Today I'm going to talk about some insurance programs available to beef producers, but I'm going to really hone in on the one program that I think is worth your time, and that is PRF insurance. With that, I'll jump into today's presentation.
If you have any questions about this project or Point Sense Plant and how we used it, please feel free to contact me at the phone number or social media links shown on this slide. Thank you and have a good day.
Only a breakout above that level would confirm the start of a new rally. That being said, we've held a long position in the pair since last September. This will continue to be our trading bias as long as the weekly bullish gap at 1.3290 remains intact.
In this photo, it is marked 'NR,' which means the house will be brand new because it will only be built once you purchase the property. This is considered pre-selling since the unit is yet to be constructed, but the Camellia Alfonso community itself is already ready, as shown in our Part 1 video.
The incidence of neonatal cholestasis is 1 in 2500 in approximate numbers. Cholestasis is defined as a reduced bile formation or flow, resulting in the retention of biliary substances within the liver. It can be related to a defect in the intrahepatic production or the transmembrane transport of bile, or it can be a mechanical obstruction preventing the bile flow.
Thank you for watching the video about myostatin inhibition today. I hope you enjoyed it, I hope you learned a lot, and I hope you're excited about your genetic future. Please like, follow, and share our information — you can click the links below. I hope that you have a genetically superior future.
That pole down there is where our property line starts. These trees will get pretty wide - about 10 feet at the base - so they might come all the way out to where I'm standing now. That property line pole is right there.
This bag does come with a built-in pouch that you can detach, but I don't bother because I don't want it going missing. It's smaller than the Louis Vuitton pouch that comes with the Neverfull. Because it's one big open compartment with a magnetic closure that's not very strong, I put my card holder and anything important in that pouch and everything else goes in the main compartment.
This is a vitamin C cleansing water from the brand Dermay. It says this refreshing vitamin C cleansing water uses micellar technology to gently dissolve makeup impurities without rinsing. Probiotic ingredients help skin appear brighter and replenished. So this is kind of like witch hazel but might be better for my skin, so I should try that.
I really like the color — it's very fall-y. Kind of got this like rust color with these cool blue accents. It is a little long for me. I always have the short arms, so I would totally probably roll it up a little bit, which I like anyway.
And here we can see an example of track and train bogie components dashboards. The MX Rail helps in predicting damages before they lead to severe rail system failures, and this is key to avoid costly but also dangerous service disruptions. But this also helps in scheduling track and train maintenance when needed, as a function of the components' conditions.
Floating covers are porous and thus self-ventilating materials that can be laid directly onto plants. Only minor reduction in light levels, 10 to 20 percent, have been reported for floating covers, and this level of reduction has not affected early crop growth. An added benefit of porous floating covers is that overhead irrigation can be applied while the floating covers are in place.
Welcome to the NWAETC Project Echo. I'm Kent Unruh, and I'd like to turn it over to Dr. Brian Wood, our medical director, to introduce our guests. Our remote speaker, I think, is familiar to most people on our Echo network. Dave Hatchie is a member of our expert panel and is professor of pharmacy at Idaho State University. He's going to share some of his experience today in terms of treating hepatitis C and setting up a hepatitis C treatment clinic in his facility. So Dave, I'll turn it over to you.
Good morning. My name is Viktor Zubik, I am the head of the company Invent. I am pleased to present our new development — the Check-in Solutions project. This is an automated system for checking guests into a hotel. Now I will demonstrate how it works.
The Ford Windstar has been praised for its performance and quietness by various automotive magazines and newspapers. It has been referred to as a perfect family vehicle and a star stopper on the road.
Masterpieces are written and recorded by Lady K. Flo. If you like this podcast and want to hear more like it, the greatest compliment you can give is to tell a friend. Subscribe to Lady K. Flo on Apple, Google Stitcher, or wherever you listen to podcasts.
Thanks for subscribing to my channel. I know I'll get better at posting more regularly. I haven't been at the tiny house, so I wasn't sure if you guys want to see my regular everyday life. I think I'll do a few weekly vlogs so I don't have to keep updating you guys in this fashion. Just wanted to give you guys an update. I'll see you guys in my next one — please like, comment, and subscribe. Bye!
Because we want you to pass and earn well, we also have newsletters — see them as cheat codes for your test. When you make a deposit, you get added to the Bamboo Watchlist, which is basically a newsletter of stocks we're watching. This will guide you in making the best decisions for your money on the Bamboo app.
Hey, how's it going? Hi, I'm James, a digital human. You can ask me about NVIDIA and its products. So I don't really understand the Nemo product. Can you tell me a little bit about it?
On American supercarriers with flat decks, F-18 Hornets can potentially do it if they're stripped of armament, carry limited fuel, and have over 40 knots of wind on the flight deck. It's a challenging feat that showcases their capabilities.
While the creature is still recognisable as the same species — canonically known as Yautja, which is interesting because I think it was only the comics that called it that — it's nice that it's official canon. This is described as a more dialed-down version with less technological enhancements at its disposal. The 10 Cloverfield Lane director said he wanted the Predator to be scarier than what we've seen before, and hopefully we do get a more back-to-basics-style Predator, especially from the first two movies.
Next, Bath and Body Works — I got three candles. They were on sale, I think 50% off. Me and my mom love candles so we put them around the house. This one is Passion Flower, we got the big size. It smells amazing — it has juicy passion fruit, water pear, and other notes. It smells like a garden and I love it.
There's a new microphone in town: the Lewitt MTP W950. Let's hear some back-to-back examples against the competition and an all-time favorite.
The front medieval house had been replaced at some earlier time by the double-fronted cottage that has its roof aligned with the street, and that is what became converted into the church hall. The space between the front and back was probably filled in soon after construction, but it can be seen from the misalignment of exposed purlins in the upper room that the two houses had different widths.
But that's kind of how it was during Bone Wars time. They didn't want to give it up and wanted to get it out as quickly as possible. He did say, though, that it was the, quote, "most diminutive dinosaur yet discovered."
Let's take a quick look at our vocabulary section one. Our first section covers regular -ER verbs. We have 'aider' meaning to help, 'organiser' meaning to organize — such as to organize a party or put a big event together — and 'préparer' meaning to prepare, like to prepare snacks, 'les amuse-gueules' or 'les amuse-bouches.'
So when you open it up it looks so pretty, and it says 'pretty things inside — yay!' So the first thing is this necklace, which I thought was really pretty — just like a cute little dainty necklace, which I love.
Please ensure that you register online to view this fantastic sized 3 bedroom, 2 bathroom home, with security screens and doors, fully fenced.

+ + + + +

WHAT TO PRODUCE ▸ Could you return exactly the stretch of the data above that starts at the line with "That pole down" and ends at the line with "And here we", both lines included?

TASK SOLUTION ▸
That pole down there is where our property line starts. These trees will get pretty wide - about 10 feet at the base - so they might come all the way out to where I'm standing now. That property line pole is right there.
This bag does come with a built-in pouch that you can detach, but I don't bother because I don't want it going missing. It's smaller than the Louis Vuitton pouch that comes with the Neverfull. Because it's one big open compartment with a magnetic closure that's not very strong, I put my card holder and anything important in that pouch and everything else goes in the main compartment.
This is a vitamin C cleansing water from the brand Dermay. It says this refreshing vitamin C cleansing water uses micellar technology to gently dissolve makeup impurities without rinsing. Probiotic ingredients help skin appear brighter and replenished. So this is kind of like witch hazel but might be better for my skin, so I should try that.
I really like the color — it's very fall-y. Kind of got this like rust color with these cool blue accents. It is a little long for me. I always have the short arms, so I would totally probably roll it up a little bit, which I like anyway.
And here we can see an example of track and train bogie components dashboards. The MX Rail helps in predicting damages before they lead to severe rail system failures, and this is key to avoid costly but also dangerous service disruptions. But this also helps in scheduling track and train maintenance when needed, as a function of the components' conditions.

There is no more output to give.